Problem description: Every entry needs to appear again exactly as written below.
** Opening Data records block **
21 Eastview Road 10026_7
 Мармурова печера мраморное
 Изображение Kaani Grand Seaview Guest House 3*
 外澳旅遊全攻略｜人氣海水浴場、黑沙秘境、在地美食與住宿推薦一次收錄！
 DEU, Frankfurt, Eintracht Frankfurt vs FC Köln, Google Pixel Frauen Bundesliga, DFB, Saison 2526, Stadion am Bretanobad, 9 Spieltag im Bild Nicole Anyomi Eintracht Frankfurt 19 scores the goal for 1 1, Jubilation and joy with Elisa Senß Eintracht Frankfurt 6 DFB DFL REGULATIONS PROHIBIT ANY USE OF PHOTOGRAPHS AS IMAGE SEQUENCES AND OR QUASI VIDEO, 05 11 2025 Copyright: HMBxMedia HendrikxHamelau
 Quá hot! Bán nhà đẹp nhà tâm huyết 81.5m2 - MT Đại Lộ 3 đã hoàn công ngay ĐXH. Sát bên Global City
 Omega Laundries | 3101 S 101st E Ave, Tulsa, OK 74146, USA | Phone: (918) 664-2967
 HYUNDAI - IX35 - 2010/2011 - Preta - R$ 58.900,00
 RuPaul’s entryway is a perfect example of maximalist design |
** Closing Data records block **
Answer for the task:
21 Eastview Road 10026_7
 Мармурова печера мраморное
 Изображение Kaani Grand Seaview Guest House 3*
 外澳旅遊全攻略｜人氣海水浴場、黑沙秘境、在地美食與住宿推薦一次收錄！
 DEU, Frankfurt, Eintracht Frankfurt vs FC Köln, Google Pixel Frauen Bundesliga, DFB, Saison 2526, Stadion am Bretanobad, 9 Spieltag im Bild Nicole Anyomi Eintracht Frankfurt 19 scores the goal for 1 1, Jubilation and joy with Elisa Senß Eintracht Frankfurt 6 DFB DFL REGULATIONS PROHIBIT ANY USE OF PHOTOGRAPHS AS IMAGE SEQUENCES AND OR QUASI VIDEO, 05 11 2025 Copyright: HMBxMedia HendrikxHamelau
 Quá hot! Bán nhà đẹp nhà tâm huyết 81.5m2 - MT Đại Lộ 3 đã hoàn công ngay ĐXH. Sát bên Global City
 Omega Laundries | 3101 S 101st E Ave, Tulsa, OK 74146, USA | Phone: (918) 664-2967
 HYUNDAI - IX35 - 2010/2011 - Preta - R$ 58.900,00
 RuPaul’s entryway is a perfect example of maximalist design |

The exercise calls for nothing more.